At McCormick place in Chicago, movement is a priority. The largest convention center in North America moves more than 3 million visitors a year through its 2.6 million square feet of exhibit space in four buildings. Along with those people come equipment and vehicles to support dozens of trade shows and meetings that traverse the center’s halls each year.
Ensuring that all this movement occurs safely is security’s job. Security at the convention center is responsible for the public areas of the center, while show management contracts for security on the show floor. To protect these public areas, McCormick has access control readers at eight key points, which are monitored by cameras. The center is converting all of its 600 cameras to IP models—currently 450 are IP and 150 are analog. The cameras feed into a control center located on site and are projected onto a video wall.
To keep people and equipment moving, a primary part of security’s mission is to review all of this surveillance video to investigate incidents. The main issues concern damage, according to Frank Solano, security systems engineer at SMG, a management company that oversees convention centers around the country. “There is some theft, but that’s rare, and a few injuries. But, in any case, you want the best information you can get,” says Solano.
Solano, who works full-time at McCormick Place on behalf of SMG, ensures high-quality information by dedicating an entire unit of mostly off-duty police officers to forensics and investigations. For each incident being investigated, it “takes hours and hours to go through days of footage,” says Solano, because most incidents investigated by the unit happened in the past and were sometimes reported days after the actual event.

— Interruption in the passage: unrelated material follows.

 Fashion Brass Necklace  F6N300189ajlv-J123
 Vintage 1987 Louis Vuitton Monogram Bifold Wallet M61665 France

Solano wanted to upgrade the convention center’s video software to make searching for incidents faster and easier, but he wasn’t immediately sold on using analytics to achieve this end. He had worked with analytics before and had “not had a great experience” with the software actually doing what manufacturers claimed. However, after a talk with integrator Johnson Controls, Solano agreed to watch demonstrations of new analytics technology.
After reviewing several products, Solano chose the Video Synopsis software by BriefCam, headquartered in Modi’in, Israel. The software compresses hours of video to display all the events on one screen. With the camera footage compressed into one video stream, each individual mover—car, person, animal—is identified and time-stamped so that the user can see when that mover is present in the time stream. By clicking on any one mover, the user can stop the simultaneous video and view just that mover in its own time stream. The user can also isolate certain types of movers—such as vehicles of a certain size. Solano was most impressed by one feature: “With the software, the staff is efficient because it doesn’t take as long to go through video footage.